A soundtrack of the city

With their upcoming Sub Pop release Tournament of Hearts, the Constantines deliver a remarkable album that should serve to push them over the top. The recording, while in many ways a significant change from 2003’s Shine a Light, builds on the sound that the Constantines have cultivated through nearly three years of non-stop touring.

 

Melding rock and soul with jazz and experimentation, it is an album in which no two songs sound the same, yet all hit hard and retain the musical integrity that make the Constantines so unique.

 

Singer Bry Webb’s vocal melodies reach new heights on Tournament of Hearts, recalling the glory days of Motown and Stax. The guitars quickly veer between melody and noise. The rhythm section consistently lays down a low-end groove that makes speakers tremble. It is a record that finds the band sounding both confident and proud, reveling in a sound that no one else in the current roster of rock can attempt to mimic.

 

“We worked really hard on these songs,” lead guitarist Steve Lambke said. “We wrote bits and pieces of them on the road and then we all got together in the studio to try and make everything work. It was a long and sometimes trying process but I think in the end we were able to pull it off.”

 

One needs to look no further than the penultimate track on the record, “You Are a Conductor,” to see just how loose, yet precise, the Constantines have become on Tournament. It is an epic, ghostly song that sounds different from anything they have ever done before. Webb’s vocals hover and float above the mix as a solid bass line and light, open drumming attempt to contain the feelings of possibility and hope contained within the lyrics.

 

“That’s a song that I’m really proud of,” Lambke said. “We tried to create a sound that we had never been able to get before. We went for more of a room-mix, in the attempt to capture the electricity that’s in that song.”

 

However, sharply contrasting the quasi-pop that “You Are a Conductor” embodies are tracks such as “Lizaveta” and “Working Full-Time,” which rock harder and with more soulful power than the band ever have before. “Working Full-Time” has a Born to Run-era Springsteen-meets-present-day-Atlantic City feel to it, while the former is constructed in a style that would make Neil Young proud.

 

And, speaking of the evergreen rocker, the Constantines will be releasing a limited-to-1,000 12-inch LP featuring four Young covers.

 

“We were playing ‘Tonight’s The Night’ at the end of the last tour. And we just decided to go ahead, have some fun, and cut some of our favorite Neil songs. So we are teaming up with another band, Unintended. They’re doing a couple Gordon Lightfoot covers, and we’re just going to put it out on a small run and get it out there,” Lambke said.

 

As for the change in the band’s sound, Lambke believes that, in the long run, it’s for the better.

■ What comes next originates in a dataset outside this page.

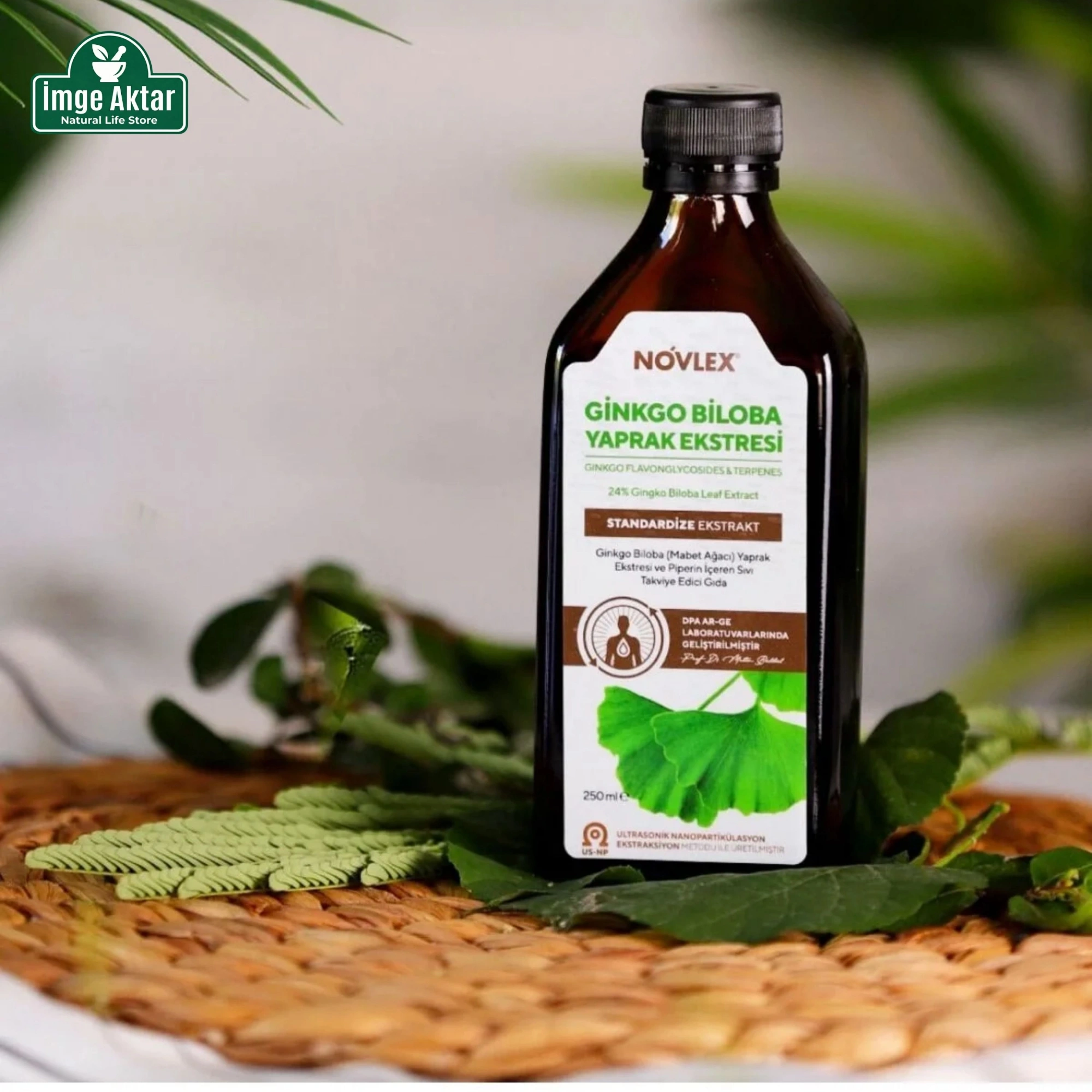 Novlex Ginkgo Biloba ve Piperin Ekstraktı Sıvı Takviye - Yüksek Emilim 250 Ml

“It’s not like most of our songs don’t still rock; they do. But, you know, we’re all influenced by different things. So yeah, there is some Motown in there. And yeah, there is some Neil Young. And it just came out when we were recording. But I think that what we eventually ended up with was a record that is going to be able to stand on its own in five, ten years and not sound dated or contrived,” he said.

 

It turns out that the band, in sticking to its guns, was right. Tournament of Hearts is possibly the most distinct, passionate rock record of the almost-finished year. It is a record that finds the band that created it at the top of its game. And the Constantines have never sounded better. Their music has become a soundtrack for the daily urban decay/renewal that goes on all around us. On Tournament they top themselves, sounding powerful yet at the same time, vulnerable and aware.

 

“We all went through a lot this past year,” Lambke said. “And it came out in the recording and ended up on the record. We just wanted this record to be able to stand on its own, and I hope that it does.”

 

The Constantines’ Tournament of Hearts will be released on Oct. 11 and the band will be playing at Berbati’s with the Hold Steady on Oct. 16.